Dieu en ses royaumes évoque les affrontements religieux dans la France des années 1490-1610 en racontant une histoire saturée d'angoisses
et de rêves.Au commencement, il y eut le tragique d'une grande peur de la damnation face à un Dieu toujours plus distant et menaçant. La fin
des Temps approchait et chacun se devait de se préparer au face-à-face avec le Christ,dans la pénitence, la prière et une obsession de pureté
exigeant l'éradication violente de tous ceux qui attisaient par leur impiété ou leur hérésie la fureur divine. En contrepoint de ce noircissement
culpabilisant du monde humain, Calvin proposa au fidèle une voie alternative et libératoire qui supprimait l'angoisse du salut en portant le fidèle
à vivre dans une « bonne crainte » de Dieu. Au plus profond des guerres de Religion qui opposèrent « papistes » et « huguenots », ou plutôt au
cœur même de la dynamique des fixations confessionnelles, s'installait la violence d'un conflit entre hantise eschatologique et
désangoissement : deux royaumes de Dieu s'affrontaient.
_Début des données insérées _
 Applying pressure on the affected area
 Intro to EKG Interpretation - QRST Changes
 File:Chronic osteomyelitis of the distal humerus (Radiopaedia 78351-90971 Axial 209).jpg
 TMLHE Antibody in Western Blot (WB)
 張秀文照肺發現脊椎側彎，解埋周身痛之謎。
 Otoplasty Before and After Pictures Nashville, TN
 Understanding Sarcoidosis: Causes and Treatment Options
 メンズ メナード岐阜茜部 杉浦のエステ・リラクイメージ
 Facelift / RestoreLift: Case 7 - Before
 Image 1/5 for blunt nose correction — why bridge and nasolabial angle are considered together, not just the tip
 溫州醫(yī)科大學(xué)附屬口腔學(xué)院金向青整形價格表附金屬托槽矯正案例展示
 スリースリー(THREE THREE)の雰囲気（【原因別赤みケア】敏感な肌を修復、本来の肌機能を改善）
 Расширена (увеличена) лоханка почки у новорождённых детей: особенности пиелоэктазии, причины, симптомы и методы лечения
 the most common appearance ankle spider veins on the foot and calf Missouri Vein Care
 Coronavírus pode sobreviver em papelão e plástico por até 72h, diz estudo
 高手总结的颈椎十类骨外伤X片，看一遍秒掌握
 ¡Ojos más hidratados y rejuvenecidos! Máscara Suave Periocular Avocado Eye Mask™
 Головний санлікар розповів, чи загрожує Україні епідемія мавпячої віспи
Dans le cours de cette histoire saccadée, le centre de gravité dramatique se déplaça :
le pouvoir monarchique tenta d'entraver la crise en fixant dans la personne royale la mission messianique d'établissement d'un ordre de paix
transcendant le jeu mortifère des imaginaires. Dieu en ses royaumes raconte alors l'histoire d'un second grand conflit, opposant les rêves
apocalyptiques et violents des catholiques intransigeants à l'utopie de modération d'un roi Christ luttant contre les passions de ses sujets, une
modération dont les grandes figures furent Michel de l'Hospital, Catherine de Médicis, Charles IX et son frère Henri III. C'est à la monarchie d'
Henri IV qu'il revint de clore cette tragédie par le truchement d'un autre jeu de symbolisation. L'Histoire fut alors érigée, à travers la figure d'un
roi providentiel guidant ses sujets vers un nouvel âge d'or, en une instance de résorption des angoisses et des peurs eschatologiques.